Unternehmensübergreifende Karrieretypen

  1. Experten arbeiten bevorzugt an innovativen und sehr komplexen Aufgaben und möchten sich mittelfristig einen Expertenstatus im Unternehmen und in ihrer fachlichen Community aufbauen. Sie entwickeln ihre Expertenkarriere oftmals unternehmensübergreifend und lehnen sowohl Aufgaben mit Routinegehalt als auch Führungsaufgaben meist kategorisch ab.
  2. Fachspezialisten sind beitragsorientiert denkende und bei erfahrener Wertschätzung sehr loyale Mitarbeitende. Sie möchten ihr fachliches Wissen im Rahmen einer Fachkarriere weiterentwickeln. Abwechslungsreiche Fach- und Projektaufgaben, die eigenständiges Arbeiten sowie analytisch-problemlösende Fähigkeiten erfordern, werden bevorzugt. 

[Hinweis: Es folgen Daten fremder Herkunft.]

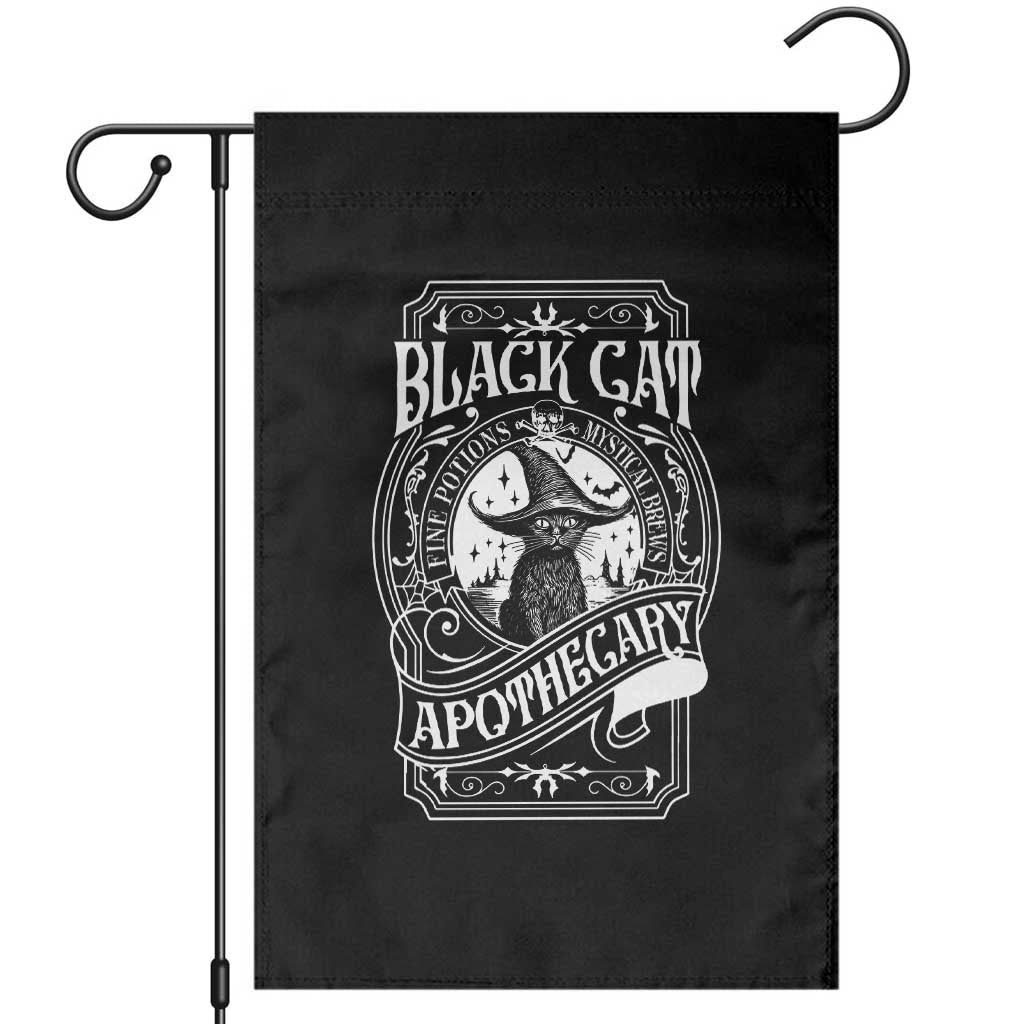 Black Cat Witch Garden Flag Salem Apothecary Halloween - Wonder Print Shop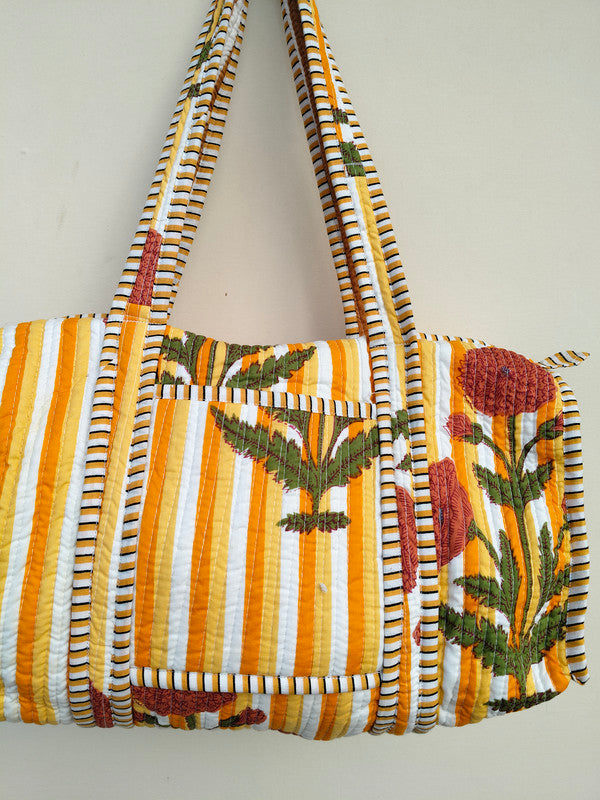 Quilted Duffle Tote Shoulder Patch Bag Cotton Handprint Floral Eco friendly Sustainable bag, Yoga Shopping Beach Artist Boho Weekend bag - 1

  3. Versatilisten sind mitunternehmerisch denkende, vielseitig kompetente Projektmanager und Business Developer, die Brücken zwischen der Fach- und der Managementwelt bauen. Sie möchten komplexe und businessrelevante Projekte zum Erfolg führen. 
Im Rahmen ihrer Karriere entwickeln sie ihr polyvalentes Skill- und Erfahrungsportfolio über zunehmend komplexere Projekte kontinuierlich weiter.
  4. Autonomieorientierte Generalisten sind sehr ambitioniert und selbstbestimmt agierende Talente, die sich weder an Hierarchien noch an festen betrieblichen Laufbahnstrukturen orientieren. Sie streben danach, ihre individuellen Leidenschaften, Fähigkeiten und Potenziale immer wieder in wechselnde Aufgabenstellungen einzubringen. Vorgesetzte, die das Potenzial der Generalisten erkennen und ihnen Vertrauen, weitreichende Freiräume sowie herausfordernde Aufgaben bieten, können diese Ausnahmetalente wirkungsvoll an das Unternehmen binden.  

  5. Aufstiegsorientierte orientieren sich an etablierten Angeboten im Bereich Management Development. Sie streben Kaderlaufbahnen mit hierarchischen Aufstiegsmöglichkeiten, grösserem Status und Einkommen sowie Führungsverantwortung an.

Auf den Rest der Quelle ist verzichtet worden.